Georg Baum wrote:
Am Mittwoch, 16. August 2006 18:41 schrieb Abdelrazak Younes:
Hum... I am not I follows everything but let me summarize what I
understand from current code. The std::vectors I am talking about are:
* vector<char>: could be replaced by std::basic_string<char>
* vector<unsigned char>: that is ucs2 right? That could be replaced by
std::basic_string<unsigned char>
* vector<boost::uint32_t>: I guess that is ucs4 and that could be
replaced by std::basic_string<unsigned char>
aka lyx::docstring
So, IIUC, we could switch to basic_string for char, ucs2 and ucs4
without any problem. The utf8 case is an entirely different problem.

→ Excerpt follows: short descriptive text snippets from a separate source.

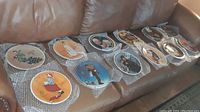 Set of 12 Norman Rockwell Christmas plates displayed on couch with bubble wrap, showing multiple designs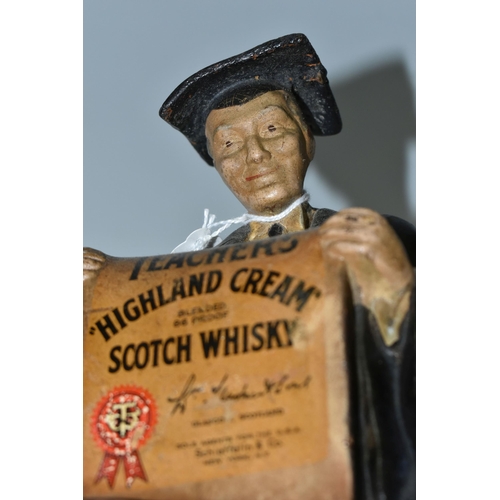 334 - BREWERIANA: A TEACHER'S 'HIGHLAND CREAM' SCOTCH WHISKY ADVERTISING DISPLAY FIGURE, a rubberoid figur... 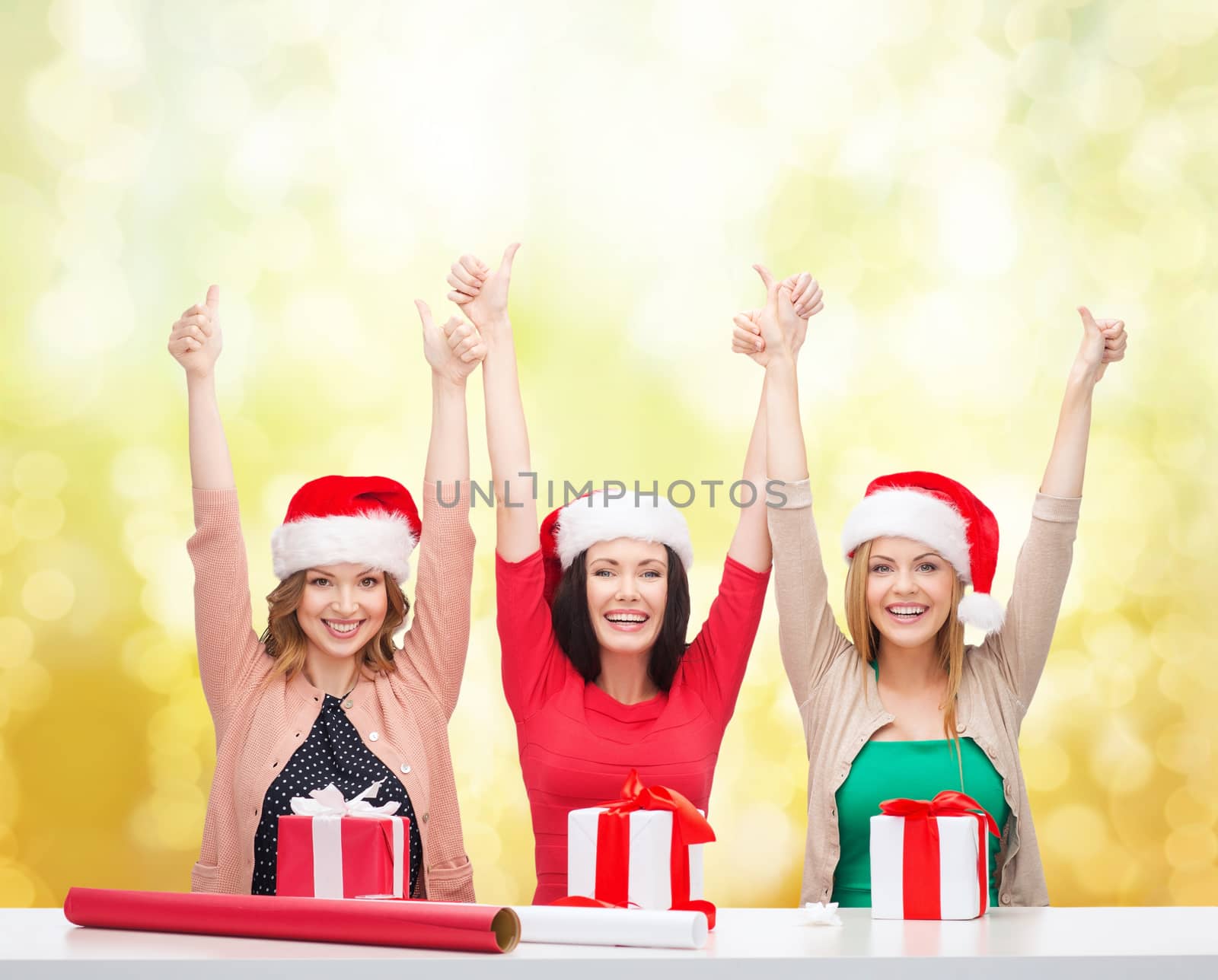 christmas, x-mas, winter, happiness concept - three smiling women in santa helper hats with gift boxes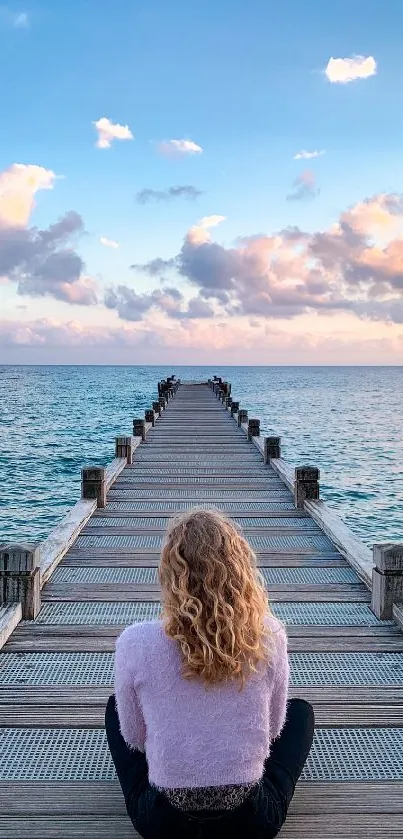 Woman sitting on pier gazing at ocean and sunset sky.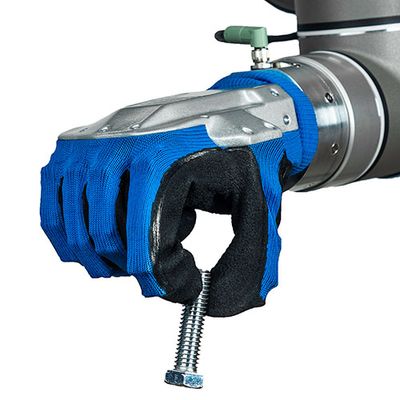 A robotic hand attached to a cobot arm pinches a bolt between two fingers. The hand has metal on top, and is covered in blue and black soft material.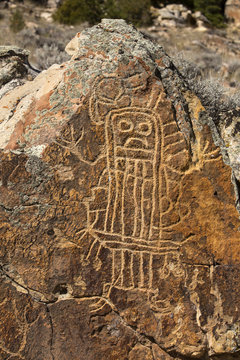 Petroglyph Rock Carving Of Human Figure On Boulder In Wyoming Mountains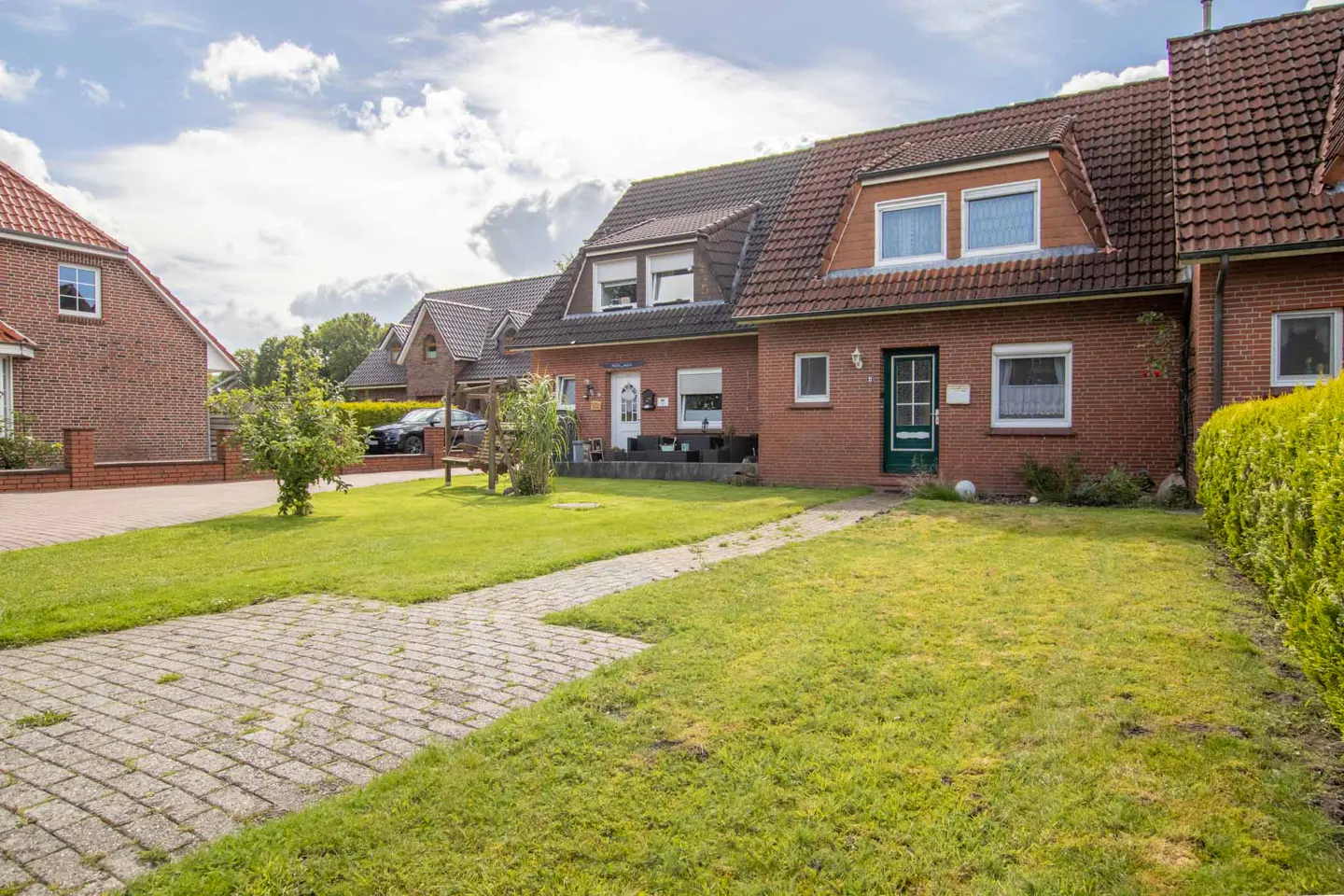Exterior view of a red brick house with a green lawn and a stone walkway.
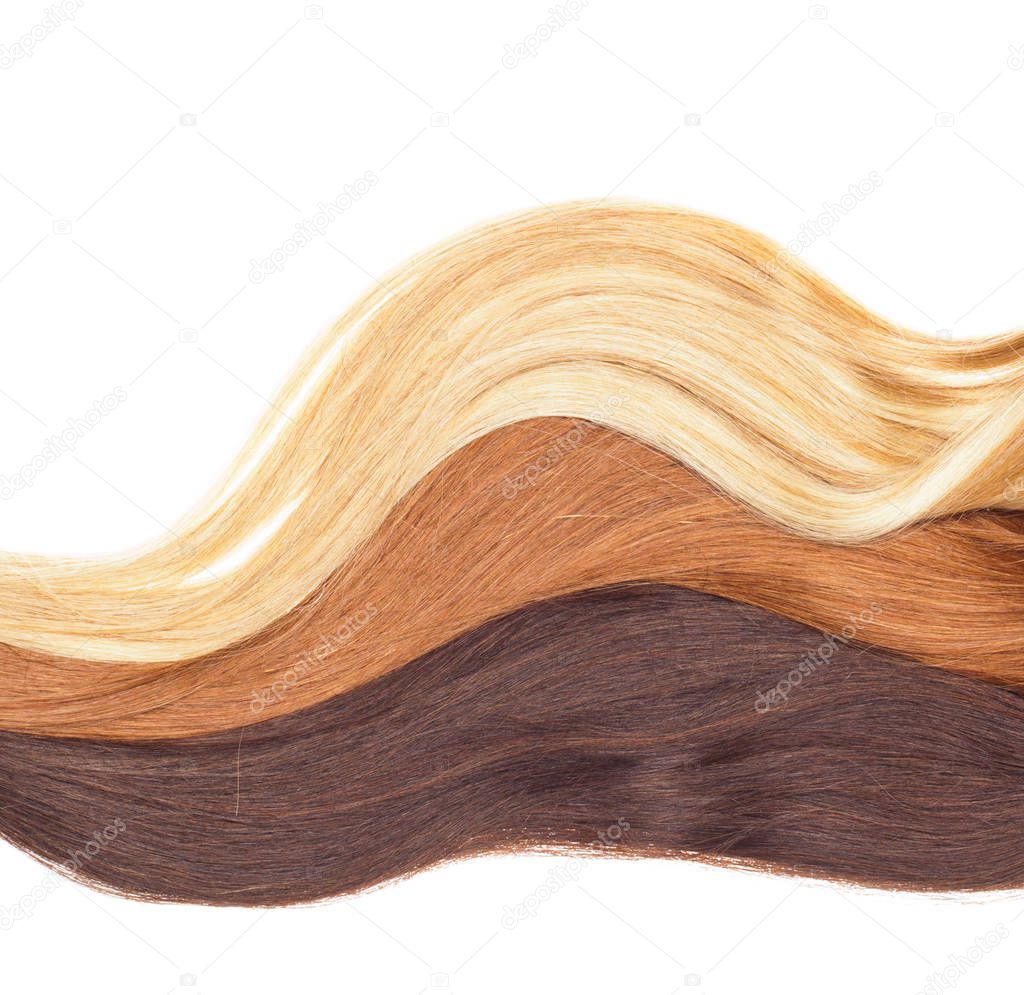 Picture of remy woman's hair extensions in different colors isolated on white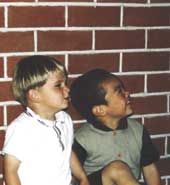 Photo shows two boys of different ethnic origins. 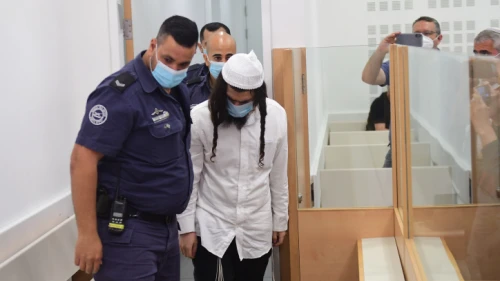 Amiram Ben-Uliel, the main suspect in the July 2015 Duma arson murders in which three members of the Dawabshe family were killed, arrives at the Lod District Court in central Israel to hear his verdict, May 18, 2020. Photo by Avshalom Sassoni/POOL.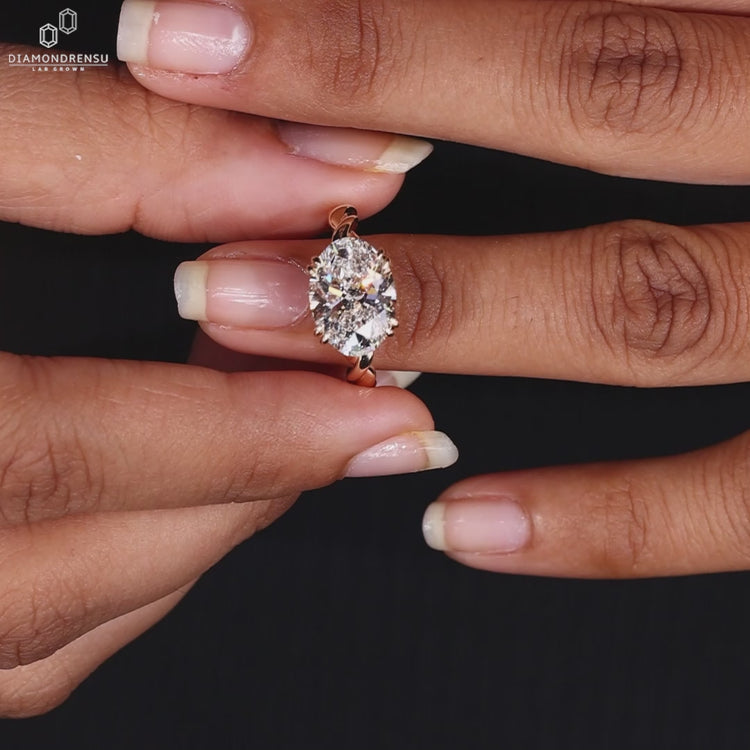 Oval diamond ring in yellow gold setting.
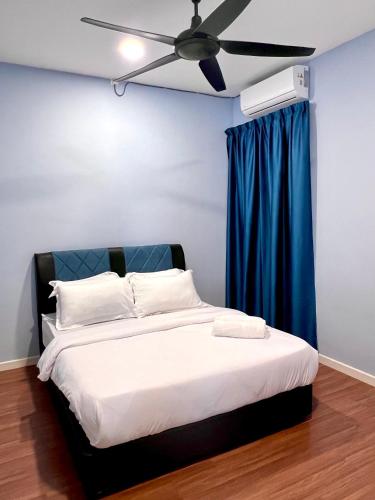 a bedroom with a bed with a ceiling fan at Hermosa Homestay in Lahad Datu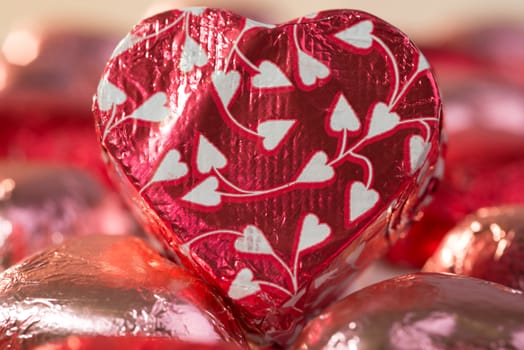 Chocolate Heart with wrapping paper, symbolizing love.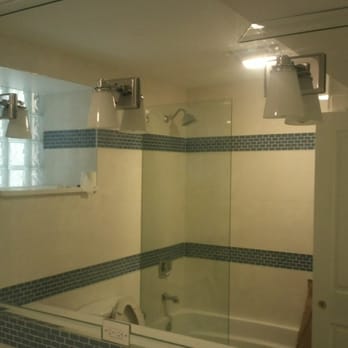 Karesh Glass - Clear mirror with four cut outs for lights and electrical outlet, Stationery Shower Panel - Home Decor Near Me - Bensenville, Illinois Karesh Glass - Clear mirror with four cut outs for lights and electrical outlet, Stationery Shower Panel - Home Decor Near Me - Bensenville, Illinois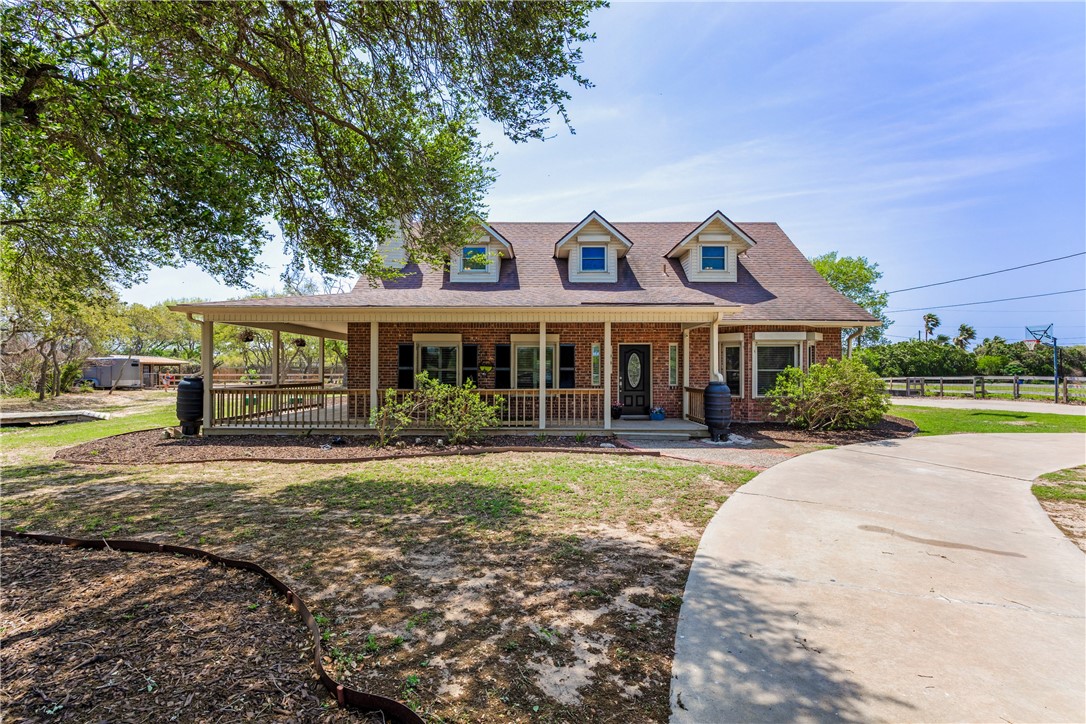 Brick, wood and vinal siding farmhouse style home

Internally we should just use one of those three types.
IMO only the last one. ucs2 is only for talking to qt, but that can easily
be wrapped in fromqstr/toqstr, so we don't really need a ucs2 string type.
Yes.
The conversion
to this complicate utf8 encoding should happen on input/output only.
Handling a multi-byte encoding internally is just a recipe for a buggy
future IMHO.
So what I do not get right here?
multibyte != variable-byte. Multibyte is not bad per se.
Yes, that's what I meant.
Both ucs2 and ucs4
use a fixed number of bytes for one character (2 and 4, respectively,
surprise, surprise!). The problem is a variable-byte encoding such as
utf8.
Yes I understood that far, sorry for "quiproquo". IMHO, the only code
that should refer to the utf8 encoding is a code that handles writing or
reading a file.
Abdel.